The Role of Radiation in the Modelling of Crop Evapotranspiration from Open Field to Indoor Crops

The agricultural sector continues to be the largest consumer of useful water. Despite knowing the volume of water required by plants (evapotranspiration), methodologies must be adapted to current production systems. Based on the energy balance (radiation), it is feasible to establish models to estimate evapotranspiration depending on the production system: extensive crops, closed, and interior systems. The objective of this work was to present related research to measure and model the evapotranspiration of crops under current production techniques, based on the energy balance. The original FAO Penman–Monteith model is considered to be the model that best describes the evapotranspiration process, and with advances in instrumentation, there are sensors capable of measuring each of the variables it contains. From this model, procedures have been approximated for its use in extensive crops through remote sensing to calculate evapotranspiration, which jointly integrates the climatic variables and the type and age of the crop, with which real evapotranspiration is obtained. The same Penman–Monteith model has been adapted for use in greenhouse crops, where given the reduced root space and being in a closed environment, it is possible to know the variables specifically. Keeping the root container saturated, crop transpiration will basically depend on the physiology of the plant (LAI, stomatal resistance, etc.) and the characteristics of the air (radiation, VPD, wind speed, etc.). Models based on computational fluid dynamics (CFD) have been developed, which predict the real evapotranspiration of the crop by activating the discrete ordinate (DO) radiation sub-model.

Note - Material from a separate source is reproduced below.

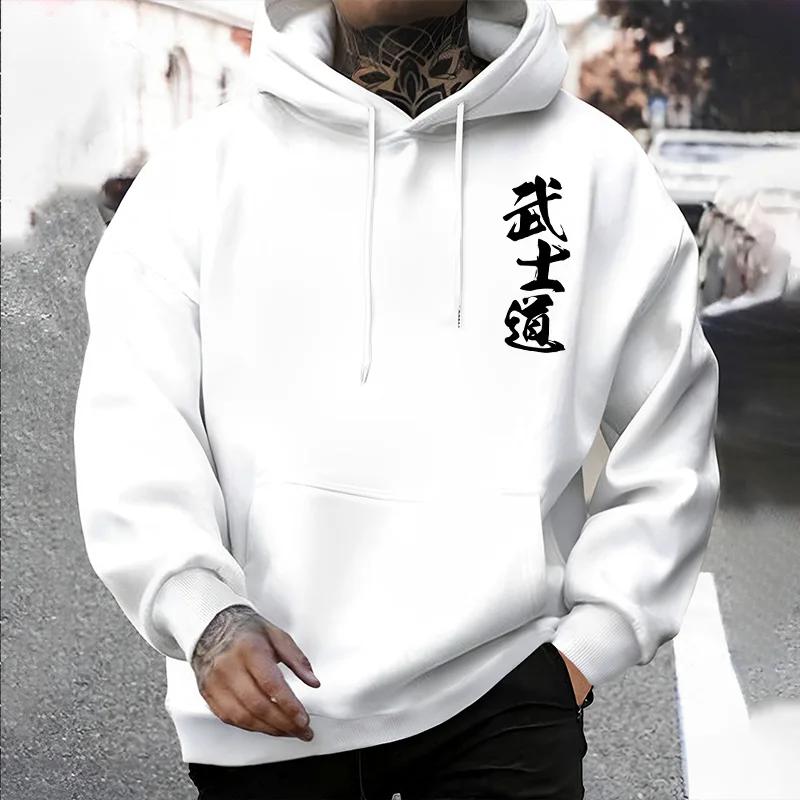 Japan Bushido Print Streetwear Hoodies 2025 Urban Fashion Hooded Sweatshirt Male Trendy Casual Autumn Winter Hoody Men's Clothes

For indoor crops, in the absence of solar radiation, and replaced with artificial lights (LEDs)—although it is true that they are hydroponic crops and water can be estimated through a balance of levels—it would be possible to use CFD to estimate transpiration by transforming flux units (Mmol) into radiation (W m−2). The transpiration of indoor crops works as a cooling system and stabilizes the environment of the plant factory or vertical farm. In each crop production system (from open field to indoor crops) models have been developed to manage water and microclimate. The result is reports that more than 90% of the water is saved.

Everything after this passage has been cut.